The biggest differences between the two that I've seen is that VB.Net (2003) has better intelisense than C# (2003). In 2005 C# is very much improved, but having to rebuild your program to update your error list is still annoying. VB.Net also lets you get away without being as strong typed in everything - even with option explicit on.

C# is case sensitive. Sounds like a drawback, but when you're making member variables and public properties it's a time saver.

C# code is often more concise and easier to read - but the brackets make the whole formatting very hard to read. C# 2005 (and current 3rd party tools) allow for bracket highlighting - you click on one and the other is highlighted. Makes it easier to find your methods. In VB it's a bit easier with "End Class", "End Sub" "End Function" "End Property", etc.

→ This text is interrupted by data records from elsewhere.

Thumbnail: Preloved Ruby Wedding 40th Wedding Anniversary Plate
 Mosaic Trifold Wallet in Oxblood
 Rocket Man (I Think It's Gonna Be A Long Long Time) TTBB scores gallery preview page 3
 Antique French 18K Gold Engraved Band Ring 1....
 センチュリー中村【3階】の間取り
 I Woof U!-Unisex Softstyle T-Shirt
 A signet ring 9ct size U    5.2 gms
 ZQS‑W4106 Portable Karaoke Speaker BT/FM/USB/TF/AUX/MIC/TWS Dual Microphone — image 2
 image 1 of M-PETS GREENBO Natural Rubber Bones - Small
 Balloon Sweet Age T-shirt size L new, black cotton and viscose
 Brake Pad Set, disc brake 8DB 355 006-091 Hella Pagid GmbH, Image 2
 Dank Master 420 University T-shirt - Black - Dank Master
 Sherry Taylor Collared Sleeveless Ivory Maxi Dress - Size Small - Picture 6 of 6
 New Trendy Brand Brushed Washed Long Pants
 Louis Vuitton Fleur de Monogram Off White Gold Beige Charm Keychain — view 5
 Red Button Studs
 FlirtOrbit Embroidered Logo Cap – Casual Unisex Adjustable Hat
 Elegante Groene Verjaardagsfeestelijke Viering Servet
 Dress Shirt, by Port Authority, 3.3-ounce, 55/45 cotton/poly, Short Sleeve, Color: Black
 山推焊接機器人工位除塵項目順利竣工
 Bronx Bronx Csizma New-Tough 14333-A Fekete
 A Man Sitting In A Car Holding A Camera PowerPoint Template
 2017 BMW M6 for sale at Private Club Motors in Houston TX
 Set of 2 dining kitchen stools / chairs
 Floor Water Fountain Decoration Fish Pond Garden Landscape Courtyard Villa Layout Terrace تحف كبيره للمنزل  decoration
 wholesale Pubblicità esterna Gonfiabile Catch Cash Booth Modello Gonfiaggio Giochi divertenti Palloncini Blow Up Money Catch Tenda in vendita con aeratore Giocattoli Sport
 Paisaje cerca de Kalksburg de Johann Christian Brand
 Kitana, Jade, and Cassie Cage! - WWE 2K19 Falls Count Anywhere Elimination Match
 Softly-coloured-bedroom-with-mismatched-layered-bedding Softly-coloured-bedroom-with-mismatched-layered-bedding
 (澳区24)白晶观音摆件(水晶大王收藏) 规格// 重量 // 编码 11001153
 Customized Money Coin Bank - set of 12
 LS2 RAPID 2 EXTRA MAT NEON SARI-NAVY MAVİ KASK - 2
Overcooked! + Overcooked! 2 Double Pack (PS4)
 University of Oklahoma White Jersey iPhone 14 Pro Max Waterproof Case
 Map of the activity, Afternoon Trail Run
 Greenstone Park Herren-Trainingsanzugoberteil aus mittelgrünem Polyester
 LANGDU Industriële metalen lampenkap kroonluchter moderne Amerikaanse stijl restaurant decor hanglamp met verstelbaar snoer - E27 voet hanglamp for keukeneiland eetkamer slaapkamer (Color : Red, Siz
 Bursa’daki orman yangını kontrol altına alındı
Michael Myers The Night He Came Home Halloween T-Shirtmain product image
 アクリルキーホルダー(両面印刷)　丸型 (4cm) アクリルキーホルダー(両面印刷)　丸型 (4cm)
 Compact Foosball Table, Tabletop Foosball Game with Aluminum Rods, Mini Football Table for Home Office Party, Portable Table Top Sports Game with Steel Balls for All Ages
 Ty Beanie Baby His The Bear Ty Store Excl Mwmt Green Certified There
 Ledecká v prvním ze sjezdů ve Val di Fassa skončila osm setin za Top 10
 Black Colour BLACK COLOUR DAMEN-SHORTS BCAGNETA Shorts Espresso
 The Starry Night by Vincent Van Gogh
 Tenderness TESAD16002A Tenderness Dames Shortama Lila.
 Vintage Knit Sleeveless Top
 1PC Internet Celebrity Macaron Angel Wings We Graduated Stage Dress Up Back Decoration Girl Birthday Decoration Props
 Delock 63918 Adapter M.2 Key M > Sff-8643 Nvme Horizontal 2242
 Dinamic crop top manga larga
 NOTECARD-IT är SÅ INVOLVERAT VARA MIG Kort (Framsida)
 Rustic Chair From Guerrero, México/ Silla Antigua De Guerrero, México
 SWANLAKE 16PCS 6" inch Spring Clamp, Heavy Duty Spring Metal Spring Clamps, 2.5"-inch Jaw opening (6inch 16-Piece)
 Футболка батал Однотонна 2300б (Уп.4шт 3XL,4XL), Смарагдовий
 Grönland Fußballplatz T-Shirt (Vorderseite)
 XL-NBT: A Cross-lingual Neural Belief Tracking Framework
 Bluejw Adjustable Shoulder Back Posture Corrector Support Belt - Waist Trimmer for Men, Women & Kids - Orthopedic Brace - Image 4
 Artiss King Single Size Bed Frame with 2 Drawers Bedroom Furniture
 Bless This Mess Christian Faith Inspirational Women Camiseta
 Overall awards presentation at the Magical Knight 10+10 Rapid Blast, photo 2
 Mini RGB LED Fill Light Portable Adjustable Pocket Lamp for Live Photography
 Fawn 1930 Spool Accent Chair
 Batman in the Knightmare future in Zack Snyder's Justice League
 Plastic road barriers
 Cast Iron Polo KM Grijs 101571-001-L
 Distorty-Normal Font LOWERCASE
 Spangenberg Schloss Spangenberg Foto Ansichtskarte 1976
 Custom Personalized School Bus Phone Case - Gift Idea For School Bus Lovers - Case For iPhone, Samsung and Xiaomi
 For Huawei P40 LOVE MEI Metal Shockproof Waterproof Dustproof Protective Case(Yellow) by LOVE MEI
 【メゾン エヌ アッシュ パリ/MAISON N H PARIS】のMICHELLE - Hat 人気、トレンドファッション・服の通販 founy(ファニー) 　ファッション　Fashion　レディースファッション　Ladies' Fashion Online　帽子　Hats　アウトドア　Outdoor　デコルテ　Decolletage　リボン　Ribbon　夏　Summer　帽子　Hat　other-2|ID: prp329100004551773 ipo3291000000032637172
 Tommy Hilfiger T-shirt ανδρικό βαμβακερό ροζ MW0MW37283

You can look at it and differentiate things better.

They're both technically equivilent - C# might be able to do a few things that VB.net can't and visa versa (pick up the MSCD training book, it points out the differences and alternate methods to achieve something). Overall I think in a professional environment C# would currently have the advantage for having XML documentation right out of the box. VB you need to do this by hand or get a 3rd party tool.

I like them both, but prefer VB.Net for dealing with forms and C# for dealing with proper classes.

If you know how to use one the other is easy to learn - but there will be sticking points. Knowing how to raise events in VB.Net means you'll have absolutely no clue how to do it in C#. The whole delegate system in vb is handled with a single declaration here and there, a single function to add an event. C# isn't worse, but it's handled differently. Caught me up for a few hours when I was learning C#.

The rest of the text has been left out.